You’ll see the same thing with n=3, which expands to this. So the triangle is a quick and easy way to look up all of these coefficients. But there’s much more. For example, add up the numbers in each row, and you’ll get successive powers of two. Or in a given row, treat each number as part of a decimal expansion. In other words, row two is (1×1) + (2×10) + (1×100). You get 121, which is 11^2. And take a look at what happens when you do the same thing to row six. It adds up to 1,771,561, which is 11^6, and so on. There are also geometric applications. Look at the diagonals.

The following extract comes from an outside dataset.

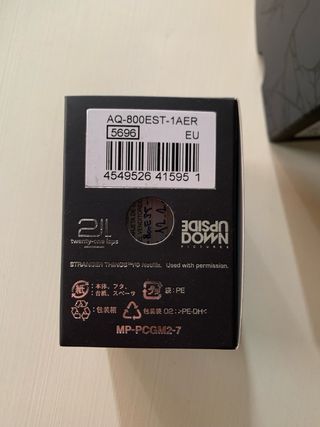 Casio x Stranger Things AQ800EST1A Reloj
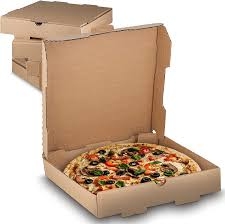 Eco-Friendly Custom Pizza Boxes with Logo Printing for Takeaway and Delivery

The first two aren’t very interesting: all ones, and then the positive integers, also known as natural numbers. But the numbers in the next diagonal are called the triangular numbers because if you take that many dots, you can stack them into equilateral triangles. The next diagonal has the tetrahedral numbers because similarly, you can stack that many spheres into tetrahedra. Or how about this: shade in all of the odd numbers. It doesn’t look like much when the triangle’s small, but if you add thousands of rows, you get a fractal known as Sierpinski’s Triangle. This triangle isn’t just a mathematical work of art. It’s also quite useful, especially when it comes to probability and calculations in the domain of combinatorics.
Say you want to have five children, and would like to know the probability of having your dream family of three girls and two boys. In the binomial expansion, that corresponds to girl plus boy to the fifth power. So we look at the row five, where the first number corresponds to five girls, and the last corresponds to five boys. The third number is what we’re looking for.
Ten out of the sum of all the possibilities in the row. so 10/32, or 31.25%. Or, if you’re randomly picking a five-player basketball team out of a group of twelve friends, how many possible groups of five are there? In combinatoric terms, this problem would be phrased as twelve choose five, and could be calculated with this formula, or you could just look at the sixth element of row twelve on the triangle and get your answer. The patterns in Pascal’s Triangle are a testament to the elegantly interwoven fabric of mathematics. And it’s still revealing fresh secrets to this day. For example, mathematicians recently discovered a way to expand it to these kinds of polynomials. What might we find next? Well, that’s up to you.